ASSIGNMENT: Give back the material word for word, every line included.

COLLECTED MATERIAL:
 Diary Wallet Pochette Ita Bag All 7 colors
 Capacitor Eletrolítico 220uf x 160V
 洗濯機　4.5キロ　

RESULT:
 Diary Wallet Pochette Ita Bag All 7 colors
 Capacitor Eletrolítico 220uf x 160V
 洗濯機　4.5キロ　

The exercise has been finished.